A Financial Industry Regulatory Authority (FINRA) arbitration panel ordered Barclays Capital Inc. to pay $715,000, plus interest, FINRA filing fees, and other costs, according to Outten & Golden LLP, counsel for Thomas D. Whalen, who filed the claim.
Attorney Laurence S. Moy, of Outten & Golden, who tried the case with Juno Turner, also of the firm, said, “Mr. Whalen was recruited to Lehman in 2006 to build and lead its healthcare investment banking group, and Mr. Whalen succeeded. His group exceeded its revenue goal for 2007 and successfully competed for several major underwriting transactions scheduled for 2008 and 2009.”
Mr. Whalen alleged that Barclays, through its words and conduct -- including a general commitment in its asset purchase agreement with Lehman to pay bonuses to legacy Lehman employees for services provided in 2008 -- impliedly agreed to pay Mr. Whalen a bonus. After working all of 2008 and transitioning his book of business to Barclays, the firm told Mr. Whalen in early 2009 that it would not pay him any bonus.

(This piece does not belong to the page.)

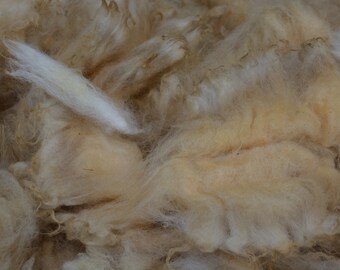 Sheep Wool From Raw To Carded Into Colorful Batts Door Wol4all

Mr. Moy, co-head of Outten & Golden’s Securities and Financial Services Industry practice group, added, “Barclays, like many securities firms, argued the bonus was completely ‘discretionary,’ but the arbitrators clearly saw the case for what it was: an attempt by Barclays to ignore its obligations. Mr. Whalen honored his part of the deal and expected Barclays to do the same.”
The case is “Thomas D. Whalen vs. Barclays Capital Inc. and Barclays Bank PLC,” FINRA Dispute Resolution Arbitration No. 09-03587.